___ Record extracts ___

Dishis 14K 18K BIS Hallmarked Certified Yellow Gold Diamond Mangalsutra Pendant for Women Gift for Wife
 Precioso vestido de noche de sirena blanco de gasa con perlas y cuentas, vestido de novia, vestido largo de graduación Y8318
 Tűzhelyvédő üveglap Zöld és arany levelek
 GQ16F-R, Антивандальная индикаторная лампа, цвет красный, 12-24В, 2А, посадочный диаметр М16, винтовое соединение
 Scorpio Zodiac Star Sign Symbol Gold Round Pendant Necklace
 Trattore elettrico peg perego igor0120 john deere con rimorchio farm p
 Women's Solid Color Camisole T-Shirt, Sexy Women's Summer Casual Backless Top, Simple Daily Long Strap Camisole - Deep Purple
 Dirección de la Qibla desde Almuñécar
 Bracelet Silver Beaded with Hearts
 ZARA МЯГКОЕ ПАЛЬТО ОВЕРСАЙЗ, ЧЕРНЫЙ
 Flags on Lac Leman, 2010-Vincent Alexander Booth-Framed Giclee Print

___

In the records above, copy exactly the lines from the one that contains "Dirección de la Qibla desde Almuñécar" through the last, and nothing else.

 Dirección de la Qibla desde Almuñécar
 Bracelet Silver Beaded with Hearts
 ZARA МЯГКОЕ ПАЛЬТО ОВЕРСАЙЗ, ЧЕРНЫЙ
 Flags on Lac Leman, 2010-Vincent Alexander Booth-Framed Giclee Print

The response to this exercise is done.